Mother and daughter vanished, so my rival and I politely ate exotic fruit together. He was a mechanic. His name, alas, was William.

But I never forgot about the elusive James Joyce. Two years later, when I found myself in Dublin on a June sixteenth, I sought him out. He and I had unfinished business.

I looked for him at his favorite cafeteria, but I found only scones. At the college, I wandered through dismal old rooms, pushing past tourists and one musty book. Disheartened, I trudged to the ferry terminal, intending to leave, but on a whim, I followed a sign to the thrice-blessed tower that bore his name. The sun was setting and the tower was closed, but it felt like a start.

After her late shift at the convenience store, I told her all this—and then I waited, and braced for her reply. I expected her to say that she had found James Joyce where I had failed, that by typical coincidence he had sauntered into the bookshop, kissed her mother’s hand, and whisked her away to Paris or Zurich. She would have proof: autographed books, unpublished letters, secret photos. Reporters would clamor. Quakers would be stunned.

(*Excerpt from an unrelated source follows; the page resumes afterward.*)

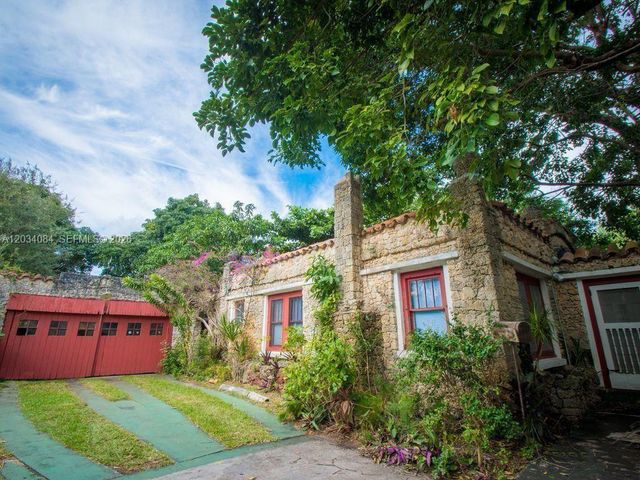 8238 NE 9th Avenue, Miami, FL 33138
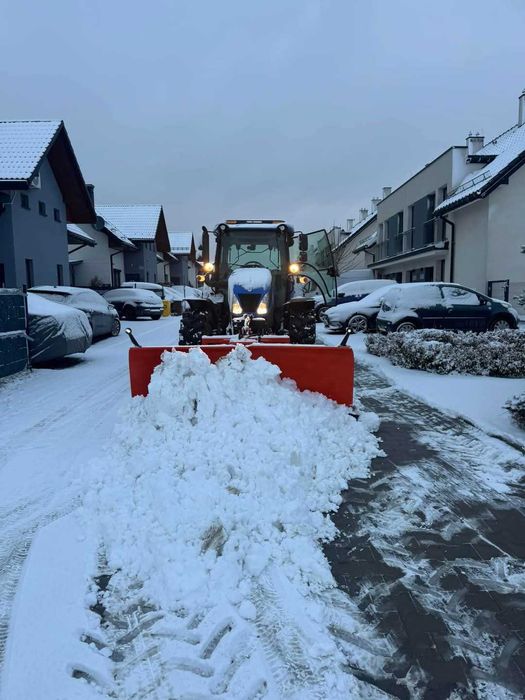Odśnieżanie parkingów ulic usuwanie śniegu koszenie zamiatanie Kraków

Instead, she managed a faint smile and stared at her coffee. She’d had a long day, she said, and the diner was cold, so I drove her home, to the shabby house next to the projects where she was raising her brother. She still had stories to tell, sadder ones than when I’d known her, but I scarcely cared. All I saw was the look she gave me as the door shut. I knew the look well, but I was thrilled to see it, because I had never seen it on her. She, finally, was exhausted too.

A lifetime later, I teach English. I guide curious students through great works, and I watch as long-dead authors bring out the best in them. My star pupils shine with pride—the pride of discovery, of creativity, of intellectual optimism. Garrulous and confident, they insist that the best art is transcendent. They mean it, so I smile and nod. I dread what they’ll eventually learn: that sometimes, literature makes us look for things that aren’t there—and that sometimes, a simple book can cause us to be truly and terribly cruel.